The Simpsons, Season Six, Episode Twenty-One, “The PTA Disbands!”

It’s been noted before that The Simpsons’ satire is less about specific problems (like how The Wire is a brutal point-by-point takedown of structural flaws in the Baltimore police, school, and newspaper systems) and more about general principles. This, I think, is something that makes it age so well and travel across the whole world; what we see in the story is an American byproduct of human nature. From this perspective, this is one of the greatest satirical episodes of the show, because it gets at a basic point that drives flaws not just in the American education system, or even American democracy, but in people themselves: people want good things to happen, but aren’t willing to sacrifice anything to get it. What gets me about this episode is that both sides are genuinely correct – Mrs Krabappel is right that this is destroying the lives of a generation of students before they even have a chance, and Skinner is right that they don’t have enough money to actually do any of the things teachers want. The entire problem would be easily solved by raising people’s taxes, but everyone takes it for granted that Taxes Are Bad because it means people taking away your money.

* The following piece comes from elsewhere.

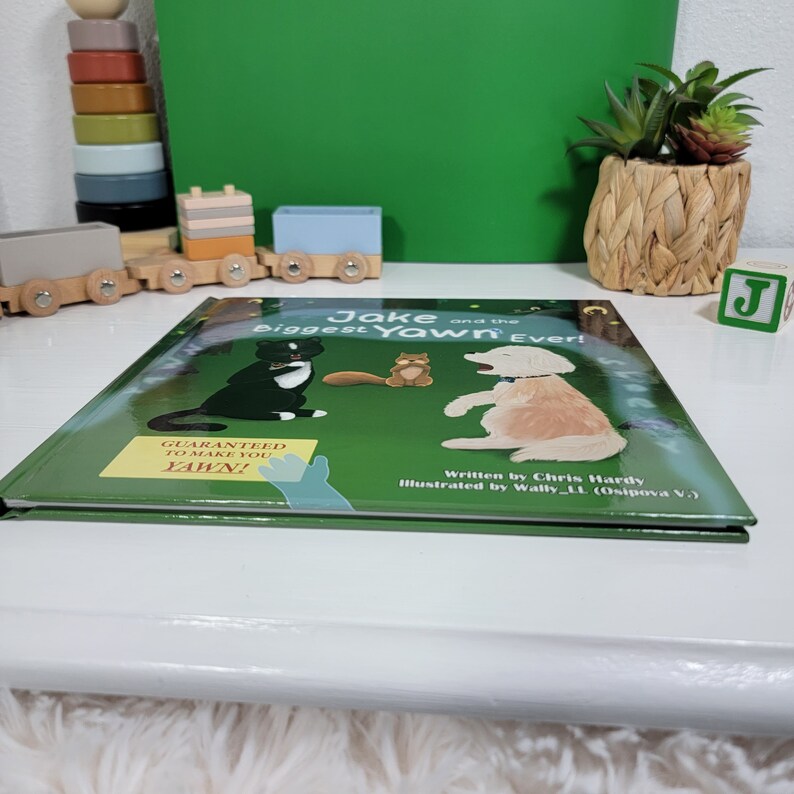 Pu&ograve; includere: Un libro verde con il titolo "Jake e lo sbadiglio pi&ugrave; grande di sempre!" La copertina presenta un gatto nero, uno scoiattolo marrone e un golden retriever. Il libro ha un adesivo che dice "Garantito per farti sbadigliare!"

Not only is that sentiment still alive and well, it’s largely responsible for the ills of the world – if you’ll allow me to get into my personal politics for a second, it’s astounding that there are people who’ll passionately argue that taxing the rich is morally wrong. At what point do you have enough money? Which individual person needs a billion dollars? Surely the point where you have enough money is the point where you stop having to think about where your money is coming from. I know I’m coming at this as someone who gets fulfilled out of dissecting a twenty year old cartoon, but it’s my understanding that most people just want to spend time with their loved ones, maybe have kids, and maybe get good at something. Surely you don’t need a billion dollars to do any of that? Surely you don’t have to drive as many people into poverty as possible to do whatever it is you want?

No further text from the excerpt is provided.